JAKARTA — Program Bulan Dana PMI DKI Jakarta sejatinya bertujuan mulia untuk mendukung kegiatan kemanusiaan. Namun, di lapangan praktiknya sering menimbulkan beban ganda bagi warga, khususnya kelompok kurang mampu.
Alih-alih sukarela, pengumpulan dana kerap dilakukan dengan menentukan besaran nominal serta batas waktu setor. Ironisnya, warga miskin justru bisa kena pungut 3 sampai 4 kali, mulai dari lingkungan RT/RW, di fasilitas layanan publik seperti kelurahan dan puskesmas, hingga di sekolah tempat anak-anak mereka belajar.
Di tengah kondisi hidup yang kian berat, dengan harga kebutuhan pokok yang terus merangkak naik, biaya transportasi yang makin mahal, hingga tagihan listrik dan air yang tak bisa ditunda, pungutan berlapis ini menambah tekanan ekonomi bagi keluarga miskin di Jakarta.
ADVERTISEMENT

SCROLL TO RESUME CONTENT
Padahal, dasar hukum pengumpulan Bulan Dana PMI, yakni Keputusan Presiden RI Nomor 18 Tahun 2017 tentang Pengesahan Anggaran Dasar Palang Merah Indonesia, serta peraturan pelaksanaannya di tingkat daerah, menegaskan bahwa pengumpulan sumbangan dilakukan secara sukarela, bukan dengan penentuan besaran dan kewajiban setoran.
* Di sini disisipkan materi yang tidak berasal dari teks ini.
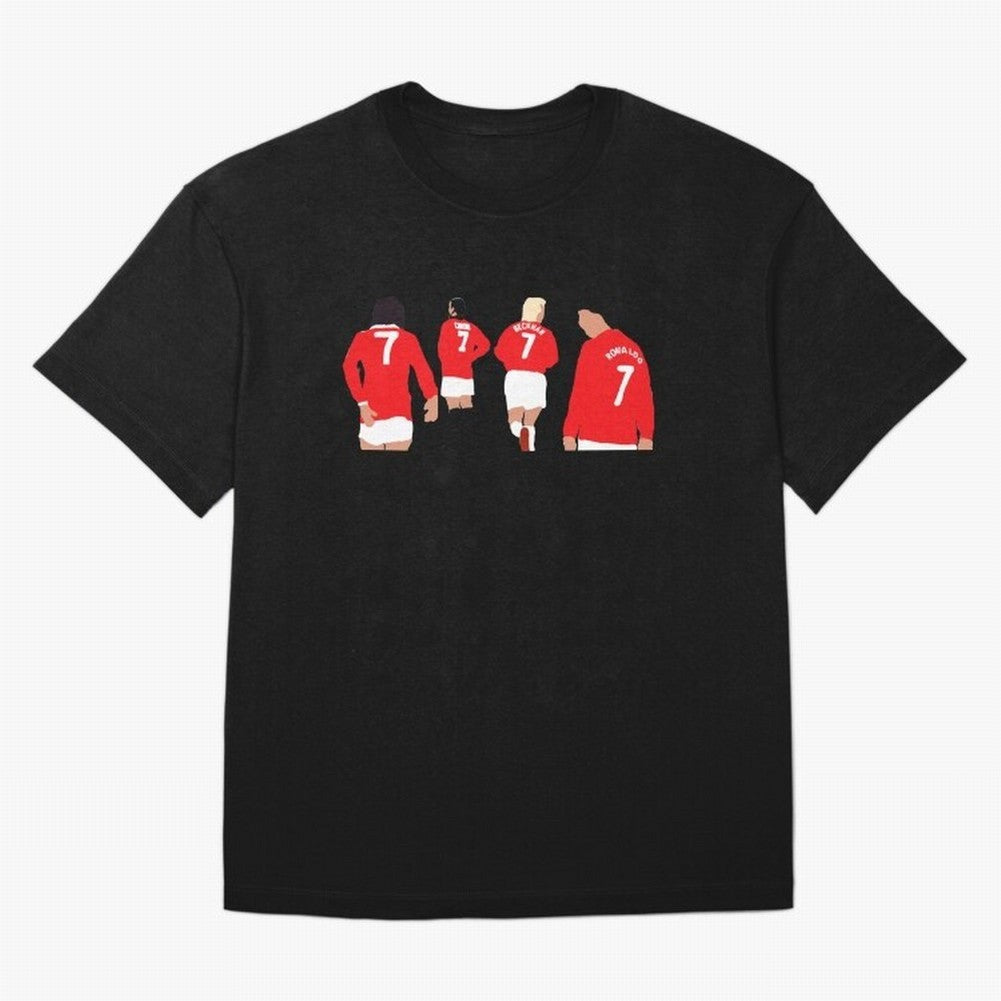 Manchester United Number 7 Legends Oversized T-Shirt Experience the Global Stage of Global Football Passion for FIFA World Cup 2026, Highlighting Cristiano Ronaldo, Haaland and CR7, France, Fan Favorite Moments, National Team Passion, Big Match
“Kalau dihitung-hitung, warga miskin bisa diminta sumbangan sampai empat kali. Nominalnya memang kecil, tapi buat mereka yang serba pas-pasan, tetap saja terasa berat. Apalagi dilakukan di sekolah dan fasilitas publik yang mestinya melindungi warga, bukan menekan,” ujar Marlo Sitompul, S.H., aktivis pendamping rakyat miskin kota, di Jakarta, Sabtu (13/9).
Marlo menegaskan bahwa praktik ini bukan saja menyalahi prinsip sukarela, tetapi juga menimbulkan stigma sosial. “Warga yang tidak mampu menyetor sering dianggap tidak peduli sosial. Ini berbahaya, karena menimbulkan tekanan psikologis, padahal masalahnya murni keterbatasan ekonomi,” tambahnya.
Usulan Solusi
Untuk mengembalikan Bulan Dana PMI sesuai semangat kemanusiaan, Marlo menyarankan:
- Mekanisme pembebasan bagi keluarga miskin agar tidak terkena pungutan berlapis.
- Transparansi target dan penggunaan dana, sehingga publik tahu aliran donasi secara jelas.
- Digitalisasi donasi lewat kanal resmi untuk memudahkan warga yang mampu, sekaligus mencegah pungutan liar.
- Sosialisasi luas bahwa sumbangan bersifat sukarela, bukan kewajiban.
- Pengawasan ketat pemerintah daerah, agar tidak ada lagi pungutan yang menekan warga miskin.
“PMI harus kembali ke khitahnya: menggerakkan solidaritas warga secara sukarela. Jangan sampai lembaga kemanusiaan justru membebani mereka yang paling tidak mampu,” tutup Marlo.